Exercise directions → Please print each record that follows precisely as it appears.

Crawled caption data →
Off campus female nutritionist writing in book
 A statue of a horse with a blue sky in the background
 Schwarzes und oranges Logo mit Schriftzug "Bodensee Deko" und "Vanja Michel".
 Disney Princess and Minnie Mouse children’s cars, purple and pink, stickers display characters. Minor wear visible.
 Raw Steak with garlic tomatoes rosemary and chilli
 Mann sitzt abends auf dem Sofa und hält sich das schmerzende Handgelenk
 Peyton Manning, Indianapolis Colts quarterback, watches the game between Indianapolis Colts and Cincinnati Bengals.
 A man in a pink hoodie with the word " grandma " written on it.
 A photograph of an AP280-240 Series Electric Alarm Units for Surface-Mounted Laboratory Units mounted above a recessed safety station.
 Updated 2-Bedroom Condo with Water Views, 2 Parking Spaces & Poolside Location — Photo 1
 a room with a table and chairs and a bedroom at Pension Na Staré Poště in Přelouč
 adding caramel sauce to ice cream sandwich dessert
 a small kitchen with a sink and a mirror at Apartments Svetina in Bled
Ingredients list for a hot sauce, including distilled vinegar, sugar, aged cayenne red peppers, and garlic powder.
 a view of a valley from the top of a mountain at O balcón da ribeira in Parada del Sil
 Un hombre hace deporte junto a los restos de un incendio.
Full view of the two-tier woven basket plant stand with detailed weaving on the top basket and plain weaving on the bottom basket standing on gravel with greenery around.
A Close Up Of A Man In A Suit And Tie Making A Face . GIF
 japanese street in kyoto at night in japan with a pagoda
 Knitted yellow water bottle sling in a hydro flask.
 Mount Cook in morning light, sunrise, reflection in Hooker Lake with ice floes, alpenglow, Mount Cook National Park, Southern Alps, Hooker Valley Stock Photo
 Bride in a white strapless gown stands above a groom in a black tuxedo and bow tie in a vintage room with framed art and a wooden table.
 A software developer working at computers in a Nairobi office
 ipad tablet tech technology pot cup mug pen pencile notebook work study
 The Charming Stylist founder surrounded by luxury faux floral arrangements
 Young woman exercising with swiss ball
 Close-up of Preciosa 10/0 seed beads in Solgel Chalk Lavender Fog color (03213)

Task solution →
Off campus female nutritionist writing in book
 A statue of a horse with a blue sky in the background
 Schwarzes und oranges Logo mit Schriftzug "Bodensee Deko" und "Vanja Michel".
 Disney Princess and Minnie Mouse children’s cars, purple and pink, stickers display characters. Minor wear visible.
 Raw Steak with garlic tomatoes rosemary and chilli
 Mann sitzt abends auf dem Sofa und hält sich das schmerzende Handgelenk
 Peyton Manning, Indianapolis Colts quarterback, watches the game between Indianapolis Colts and Cincinnati Bengals.
 A man in a pink hoodie with the word " grandma " written on it.
 A photograph of an AP280-240 Series Electric Alarm Units for Surface-Mounted Laboratory Units mounted above a recessed safety station.
 Updated 2-Bedroom Condo with Water Views, 2 Parking Spaces & Poolside Location — Photo 1
 a room with a table and chairs and a bedroom at Pension Na Staré Poště in Přelouč
 adding caramel sauce to ice cream sandwich dessert
 a small kitchen with a sink and a mirror at Apartments Svetina in Bled
Ingredients list for a hot sauce, including distilled vinegar, sugar, aged cayenne red peppers, and garlic powder.
 a view of a valley from the top of a mountain at O balcón da ribeira in Parada del Sil
 Un hombre hace deporte junto a los restos de un incendio.
Full view of the two-tier woven basket plant stand with detailed weaving on the top basket and plain weaving on the bottom basket standing on gravel with greenery around.
A Close Up Of A Man In A Suit And Tie Making A Face . GIF
 japanese street in kyoto at night in japan with a pagoda
 Knitted yellow water bottle sling in a hydro flask.
 Mount Cook in morning light, sunrise, reflection in Hooker Lake with ice floes, alpenglow, Mount Cook National Park, Southern Alps, Hooker Valley Stock Photo
 Bride in a white strapless gown stands above a groom in a black tuxedo and bow tie in a vintage room with framed art and a wooden table.
 A software developer working at computers in a Nairobi office
 ipad tablet tech technology pot cup mug pen pencile notebook work study
 The Charming Stylist founder surrounded by luxury faux floral arrangements
 Young woman exercising with swiss ball
 Close-up of Preciosa 10/0 seed beads in Solgel Chalk Lavender Fog color (03213)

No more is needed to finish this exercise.